Pathway-based multi-omics integration is performed using both the Multi-View and Single-View PathIntegrate frameworks. Briefly, the Multi-View approach calculates pathway scores independently for each omics layer, providing interpretable insights within and across omics. In contrast, the Single-View approach computes more comprehensive pathway scores by integrating quantitative information from multiple omics layers.

Within TurbOmics, users can select either the Single-View or Multi-View supervised models, specify comparison groups, and define the columns containing biomolecule identifiers. Upon execution, the platform displays a summary table with key statistical details of the model, along with a scatter plot showing sample projections onto the latent variables. Additionally, a table highlights the most relevant pathways and their associated biomolecules.

Figure 10. Section of TurbOmics for Pathway Integrative Analysis The top panel allows selecting the analysis type (Single-View or Multi-View) and the groups to be compared. The section displays a summary table with execution metrics and a scatter plot showing the sample scores in the computed latent variables. The two upper tables indicate the relevance of the omics pathways in the model construction. The two bottom tables list the biomolecules belonging to the pathway selected by the user.

Enrichment Analysis

The Enrichment Analysis module enables the identification of enriched functional categories for each omics dataset in parallel.
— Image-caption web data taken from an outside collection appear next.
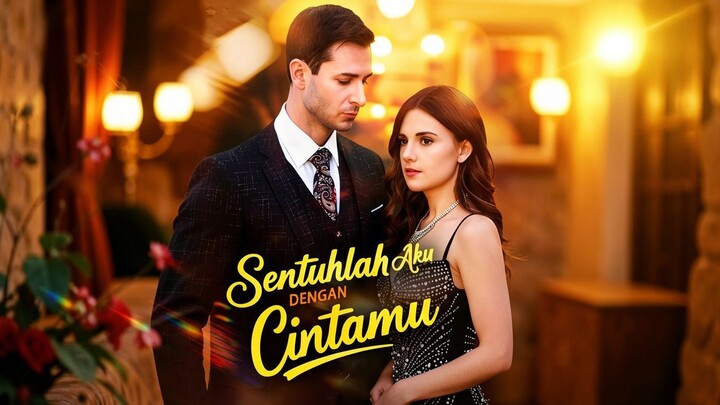 Sentuhlah Aku dengan Cintamu Full Bahasa Indonesia (DB)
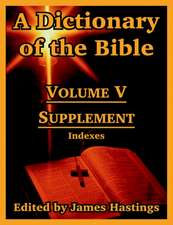 A Dictionary of the Bible: Supplement -- Indexes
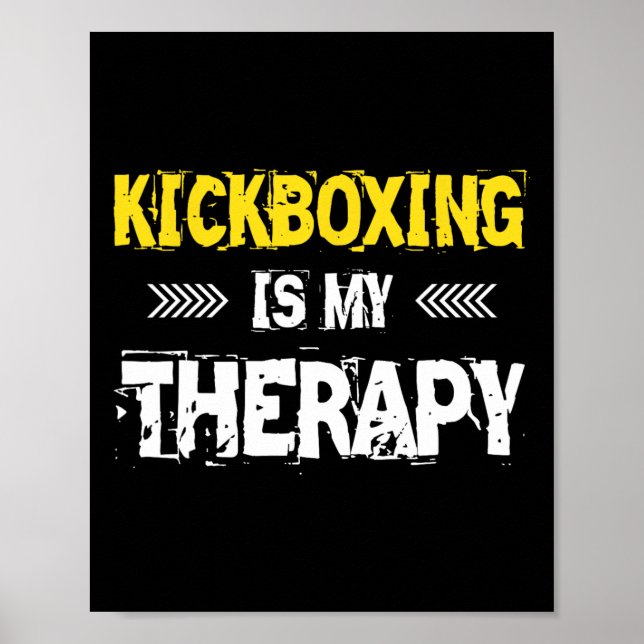 Kickboxing Is My Therapy Kickbox  Poster (Vorne)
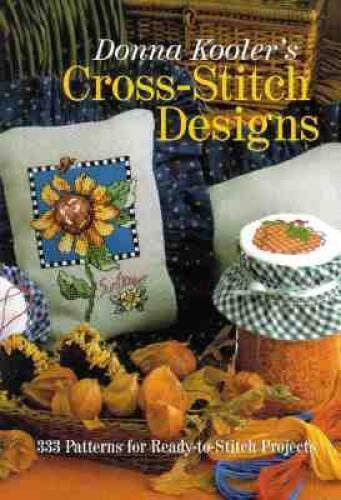 Donna Kooler&rsquo;s Cross-Stitch Designs: 333 Patterns For Ready-To-Stitch P – GOOD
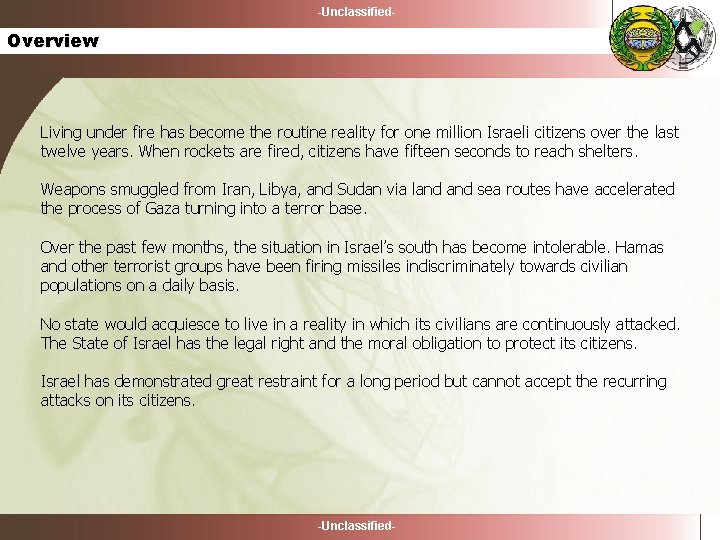 -Unclassified- Overview Living under fire has become the routine reality for one million Israeli
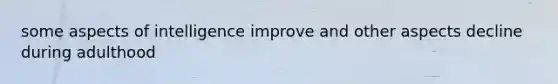 some aspects of intelligence improve and other aspects decline during adulthood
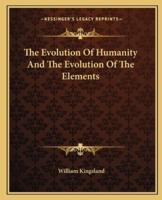 The Evolution Of Humanity And The Evolution Of The Elements
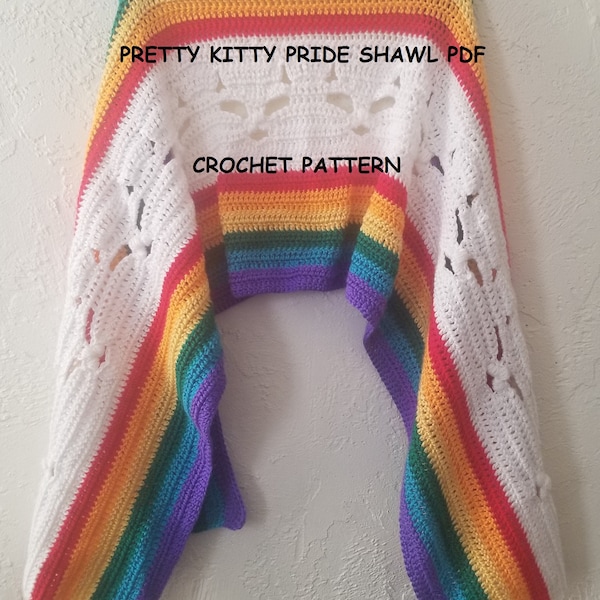 PRETTY KITTY Pride Shawl PDF Crochet Pattern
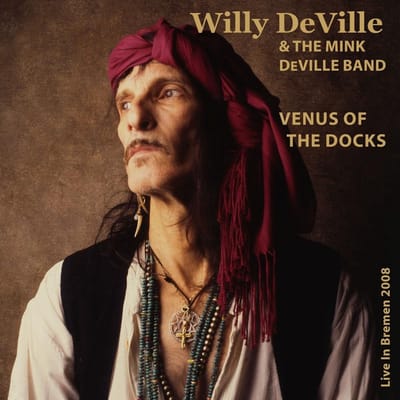 Venus Of The Docks: Live In Bremen 2008 - Willy Deville & The Mink Deville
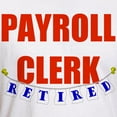thumbnail image 3 of CafePress - Retired Payroll Clerk Fitted T Shirt - Fitted T-Shirt, Vintage Fit Soft Cotton Tee, 3 of 4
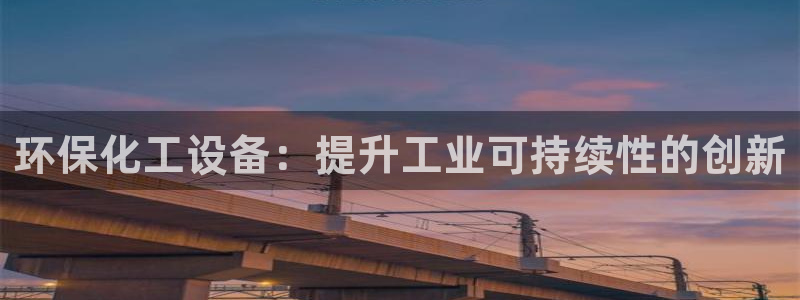 亿万先生换网址了吗：环保化工设备：提升工业可持续性的创新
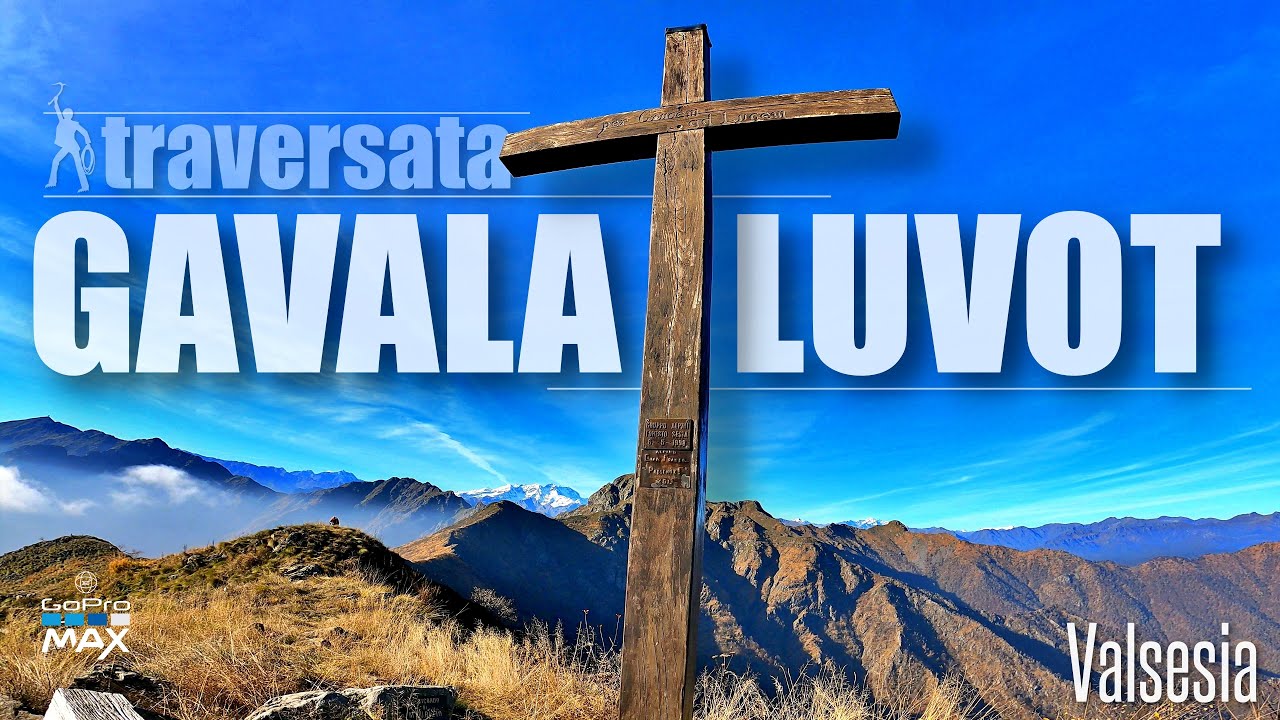Castello di GAVALA monte LUVOT - la traversata - VALSESIA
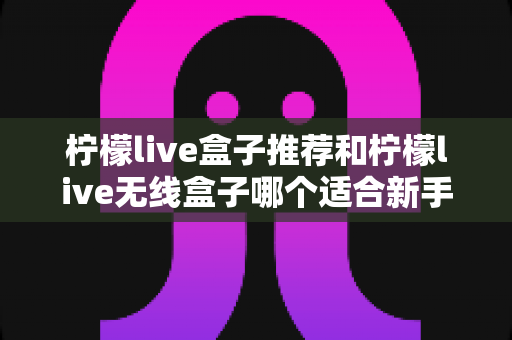 柠檬live盒子推荐和柠檬live无线盒子哪个适合新手?一文看懂新手选购全攻略 柠檬live盒子推荐和柠檬live无线盒子哪个适合新手?一文看懂新手选购全攻略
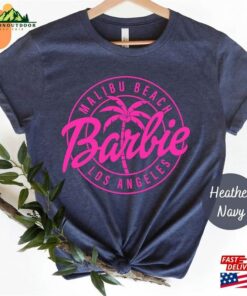 Barbie Malibu Beach T Shirt Movie 2023 Pink Los Angeles Shirt Sweatshirt Unisex 4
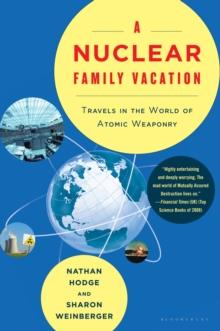 A Nuclear Family Vacation : Travels in the World of Atomic Weaponry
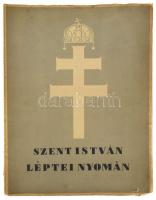 Ujházy György: Szent István léptei nyomán. Budapest Székesfőváros kiadása, 1941, szakadt borítóval, kötéssel.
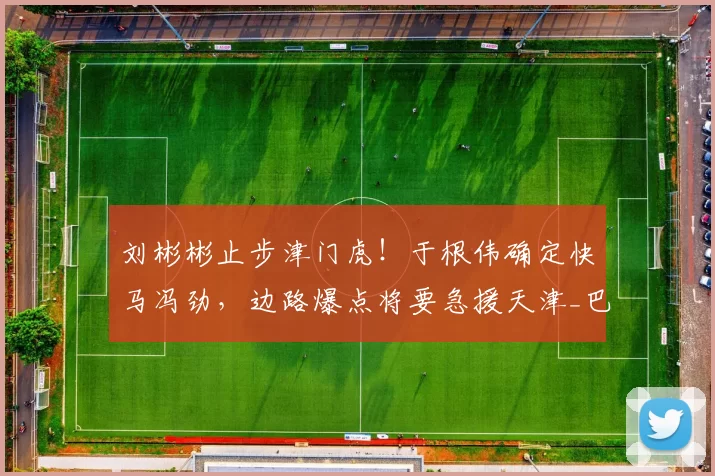 刘彬彬止步津门虎!于根伟确定快马冯劲,边路爆点将要急援天津_巴顿_中超_右路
This section allows users to run the GSEA algorithm simultaneously across transcriptomics, proteomics, and metabolomics data, facilitating the comparison of statistically significant pathways between these datasets.

Users must specify the biomolecule identifier column and select a metric for GSEA, such as LogFC or t-statistic. Additionally, PCA and MOFA loadings can be used as input metrics, enabling deeper analysis of the components and factors computed in earlier modules.

For untargeted metabolomics data, enrichment analysis can be performed using the mummichog library. The results are presented in an interactive and exportable table that includes the biomolecules responsible for the enrichment of each category.

TurbOmics also supports custom enrichment analysis, allowing users to define and explore their own functional categories.

Figure 11. TurbOmics section for Enrichment Analysis The top panel allows the selection of the omics layer and the metric to be used for enrichment. In the bottom part, users can select the enrichment results obtained using different knowledge bases, which are displayed in the bottom table.